A few thoughts about gay parenting

This is really by way of a supplement to my previous post about civil partnerships, and prostitutes getting to heaven before the priests.

My argument there is that we need to draw a distinction between sanctioning and blessing relationships which are purely about the relationship between the parties involved, and sanctioning and blessing relationships which involve the raising of children. I believe that the wider society has a much stronger interest in the latter than in the former. Whilst there is all sorts of Christian thinking that can be considered in such cases, my overwhelming feeling is that it is for the Christians concerned to establish what is right, between them and God (and if they explicitly seek God’s blessing for their endeavours then the church should enable such blessings to take place). In other words, I think it is a matter of taking their baptism seriously, and trusting in the outworking of grace in the lives of brother and sister Christians.

The latter situation, involving the raising of children, involves more factors. Two things to say about this. First, I believe that – in so far as we can use such language – it is part of God’s original intentions for humankind that each child is to be loved into being and raised by their mother and father, and that there is something inevitably biological and organic at the root of this. That is, any situation which results in a child not being raised in love by their biological mother and father is the result of sin somewhere along the line (not necessarily sin by the parents – it could simply mean that one parent has lost their life for any of a multitude of reasons).
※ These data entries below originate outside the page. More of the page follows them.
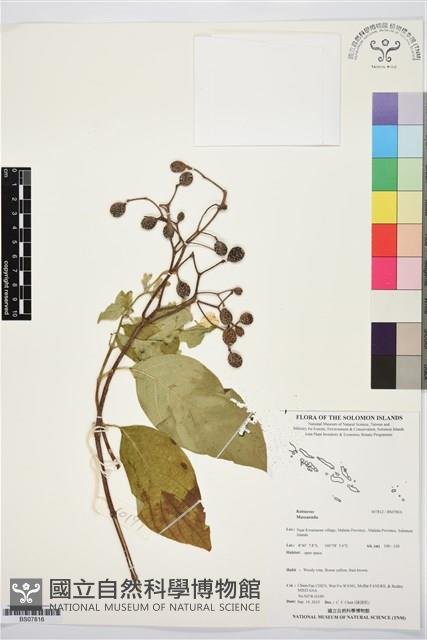 登錄號:BS07816藏品圖，第1張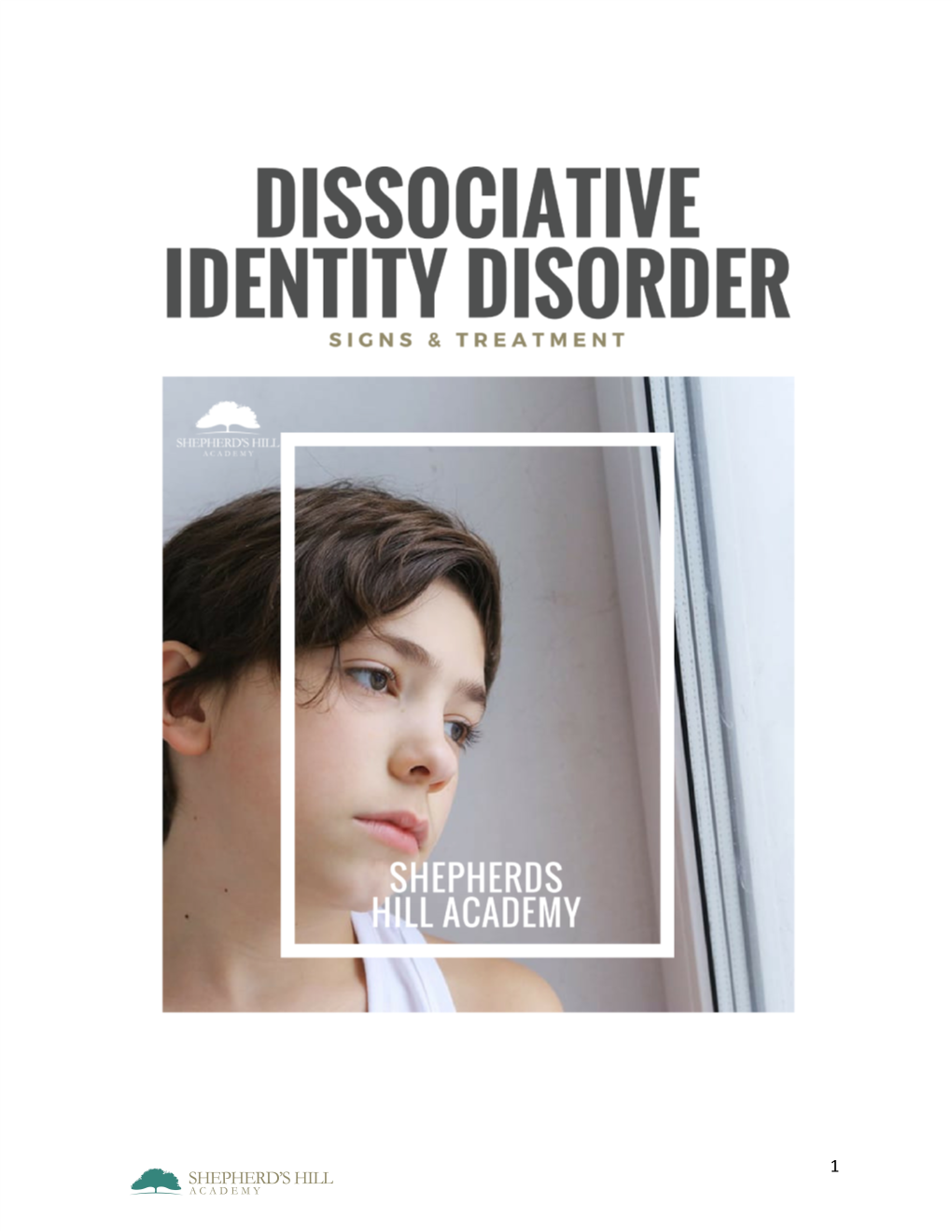 Dissociative-Identity-Disorder.Docx.Pdf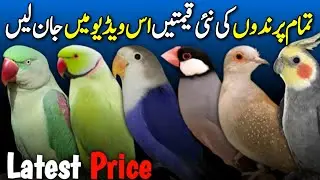 birds latest price update | love birds price update | ringneck parrot price update | finches price
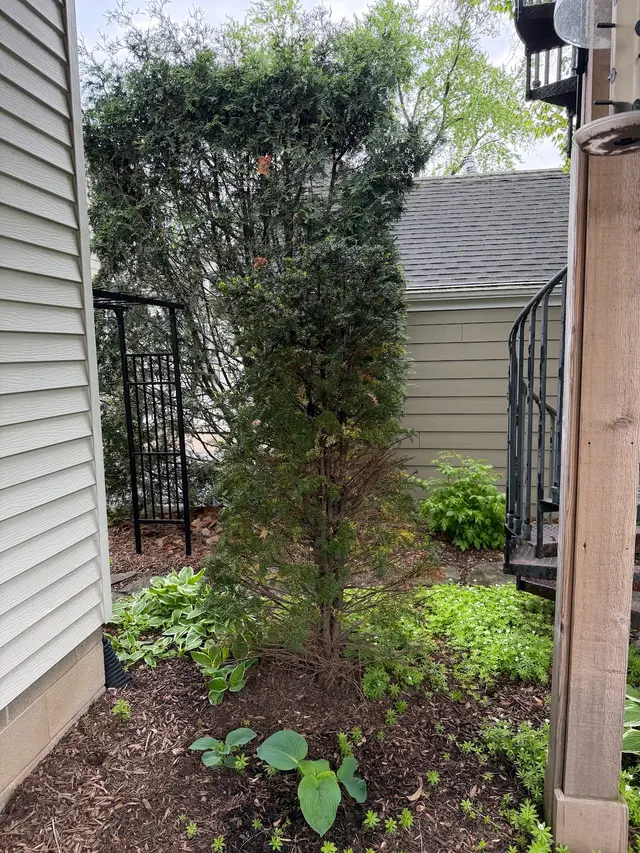 Ware Landscaping & Snow Removal — photo from the business 5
I think that it is important to hold on to this as the normative model for parenting.

My second point, however, is a recognition that, in our fallen world, we have to cope with many situations that fall short of the ideal. What then? Well, we make the best we can from what we’ve got. We patch up our families, putting together whatever pieces work in so far as we can do so. We recognise that things aren’t ideal, and we rely on God’s grace to plug the gaps. As I argued before, I suspect that it may be easier for God to do his work when people recognise their own brokenness rather than otherwise (“every heart to love will come… but like a refugee”). Given this, I don’t have any problems with couples of all shapes and sizes and orientations adopting or fostering children. Seems to me that if there are loving homes available, and children in need of loving homes, then everybody wins.

However, I would add a caveat to this. If we accept God’s intentions as normative – that a child is to be raised by their biological mother and father – then this places a question mark against all the ways in which there is a conscious choice to bring a child into the world without their biological mother or father being the ones to raise the child, eg through artificial insemination. That would seem to be to be actively choosing against what is normative, rather than simply coping with what is not normative and redeeming a broken situation.

So to sum up my present thinking:
– blessing of civil partnerships – big yes;
– adoptions by gay couples – yes (subject to same restrictions as heterosexual couples);
– actively choosing to bring children into world without mother and father – no.

Current ambiguity still to be explored – if a gay couple with children seek church blessing – does that mean ‘gay marriage’?! I think not, but I still have further thinking to do on this…!

3 thoughts on “A few thoughts about gay parenting

  1. Sam,
    ‘this places a question mark against all the ways in which there is a conscious choice to bring a child into the world without a biological mother or father,’. Every child has a biological mother and father, the question is whether the intention is to bring that child into the world without the intention that their biological father and mother should be involved in their parenting. Is that what you meant?